Tuesday, August 3, 2010

Guilty

Today was a victorious day for us, for Chris, me and our families. Today his killer, Shannon Maurice Holmes, was found guilty of first degree murder which carries a life sentence without the possibility of parole. The jury was swift in it's verdict. I really cannot say that I am happy. If I had to describe how I feel it would be relieved. But certainly not happy. Chris had to give his life for this verdict, so there is no happiness involved. It really was a sad day.

There were some things that I really wanted to say to this scumbag's family. But, I thought better of it. It wouldn't change anything except to make me feel better. And really, at the end of the day my beloved would still be gone and my anger would still be here. So, there is no point in telling his family what I think of them. I will get my chance to let them hear what I think of this murderer. I will choose my words very carefully, and I will deliver the speech that I have been preparing to give since December 8, 2009.

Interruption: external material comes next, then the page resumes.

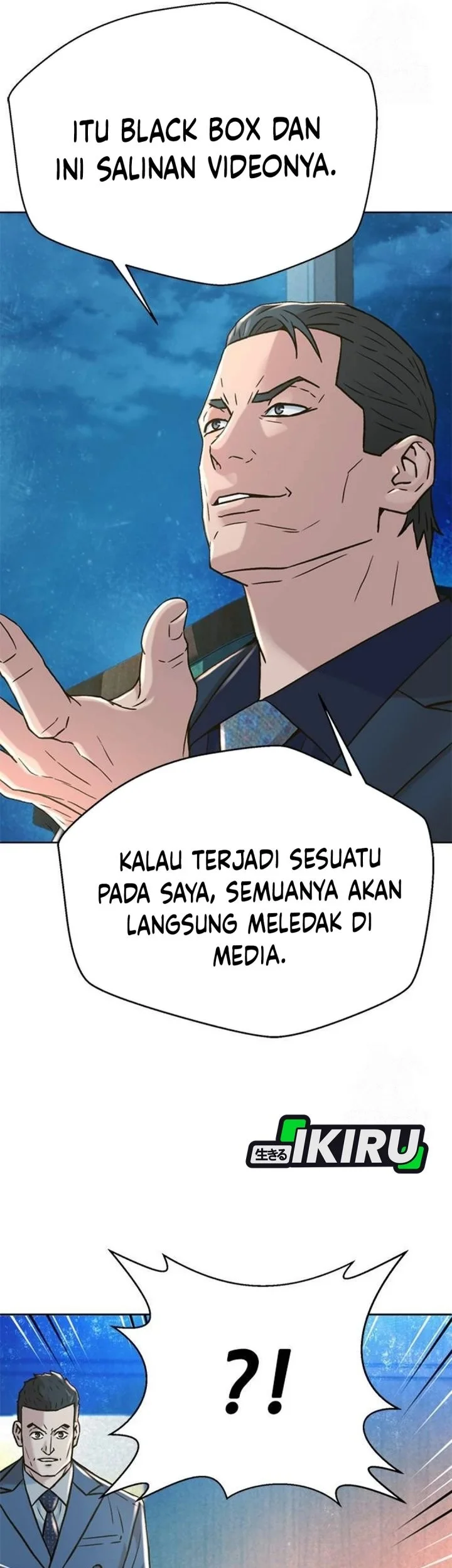 Chapter 198 - halaman 86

People have said that I am brave and strong, but I'm not. Chris is the one that was brave. He had to endure torture, pure torture. And he is the one that is strong, he fought like hell to survive. All that I did was retell his words that fateful night. I will never forget the events of that evening. I keep going over in my head the struggle. I have people that want to discuss it. Which really is fine, but only to an extent. There is a fine line where I can discuss it and where I find it unbearable. I can't rehash what happened that night, I can't discuss how various people think that it happened. All I know is that it was absolute hell for Chris, and I still have nightmares, even while awake, of what he went through. I suspect that it will never end, I will forever think of this tragedy.

Chris was a good man, a loving husband, and wonderful father. He certainly deserved better than this. Wherever he is, I hope that he can find some peace now. I feel that I can only begin to heal when I am certain that he is at peace.